ところで、「資産所得倍増プラン」が打ち出されたのは2022年11月。その後、金融経済教育推進機構の創設等を盛り込んだ法案が国会に提出され、2023年11月20日に成立、11月29日に公布されました。そこで、金融庁の説明資料※2を参考にして、金融経済教育推進機構とは、どんな組織で、どんなことをやろうと考えているのか、少し整理してみました。
※2 出所:金融庁提出資料(第36回消費者教育推進会議〈令和5年11月29日〉)
まず、組織の母体になるのは金融広報中央委員会。有名なのは、最低限身に付けるべき金融リテラシーを体系的に整理した「金融リテラシー・マップ」、このとりまとめを行った事務局が金融広報中央委員会ですね。金融経済教育推進機構には、金融広報中央委員会による、これまでの金融経済教育の推進機能が移管・承継される、とのこと。
さらには、民間団体の関連事業も移管されるようですね。この民間団体とは、例えば、全国銀行協会や日本証券業協会、投資信託協会等の業界団体のこと。それぞれの団体で、個々に行っている金融リテラシー向上に向けた取り組みを金融経済教育推進機構に集約、官民一体となってより効率的に金融経済教育を進めていく、そんな気概が感じられる組織体制だと思います。

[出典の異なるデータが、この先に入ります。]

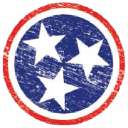 Compumax USA logo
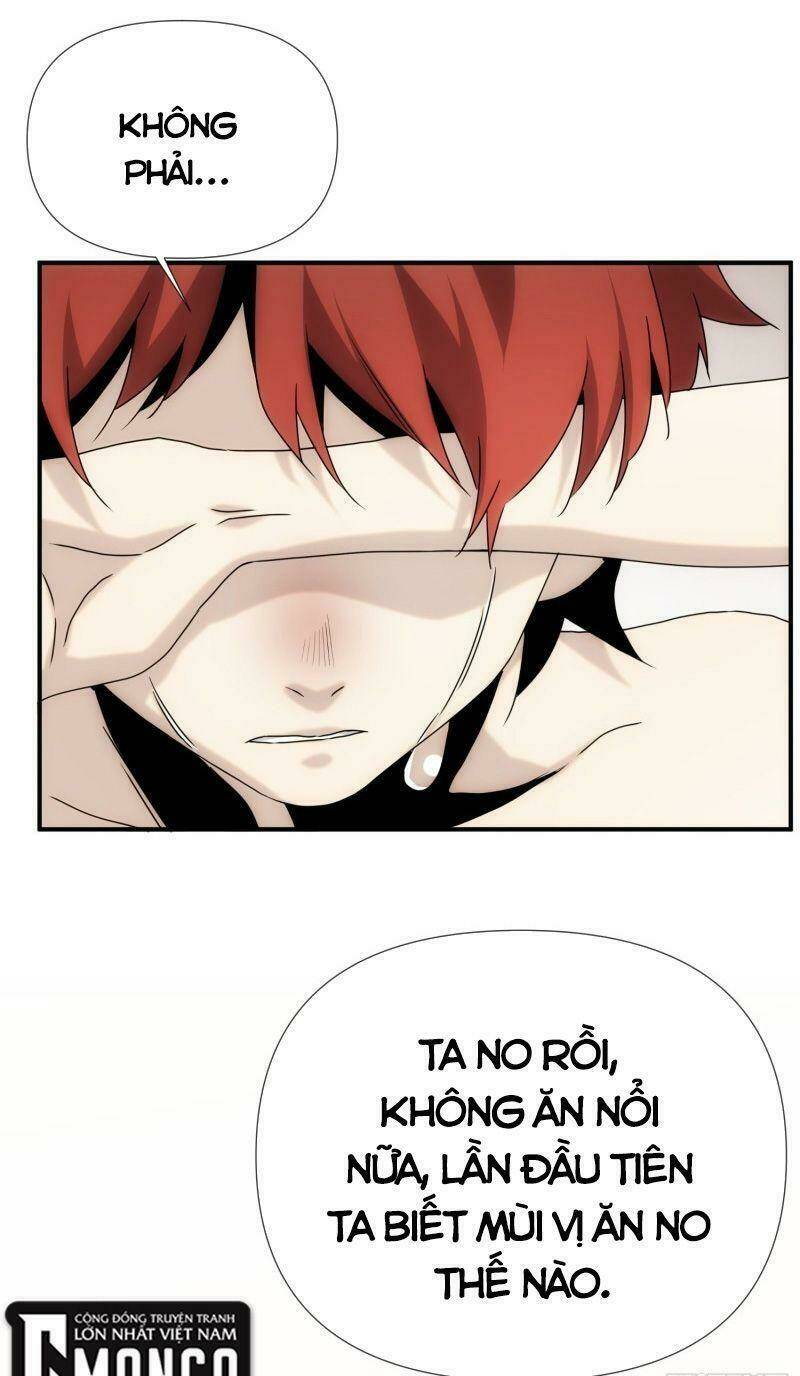 ma vương là đại địa chủ chapter 57 29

つぎは、金融経済教育推進機構がやろうとしていること、以下の6つが取り組みとして掲げられています。
1.顧客の立場に立ったアドバイザーの普及・支援
2.金融経済教育活動の重複排除・抜本的拡大
3.金融経済教育の質の向上
4.教材・コンテンツの充実
5.個人の悩みに寄り添ったアドバイスの提供
6.調査・統計を踏まえた戦略的な教育の展開
これらはいわばお題目ですから、ご質問の趣旨である「中立的なアドバイス」という観点から申し上げると、まずは①の顧客の立場に立ったアドバイザーの普及・支援では、金融経済教育支援機構が顧客の立場に立ったアドバイザーの認定を行う、とのこと。さらには、ある雑誌に掲載された設立準備室長の解説※3によれば、認定アドバイザーをリスト化・公表することも視野に入れているようですね。
※3 出所:「来春の設立向け動き出した『金融経済教育推進機構』の全容」(週刊金融経済事情、2023/12/5)

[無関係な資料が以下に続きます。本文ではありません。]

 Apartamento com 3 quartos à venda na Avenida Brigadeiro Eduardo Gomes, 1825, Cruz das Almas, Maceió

また、②の金融経済教育活動の重複排除・抜本的拡大では、企業の雇用者向けセミナーや学校の授業への講師派遣事業を全国において拡大するとともに、⑤の個人の悩みに寄り添ったアドバイスの提供では、認定アドバイザーによる個別相談も実施する、とのこと。まさに、ご質問者にとっては100点満点の回答が詰まっているのが、金融経済教育推進機構の取り組みじゃないかと、そんなふうに思う次第です。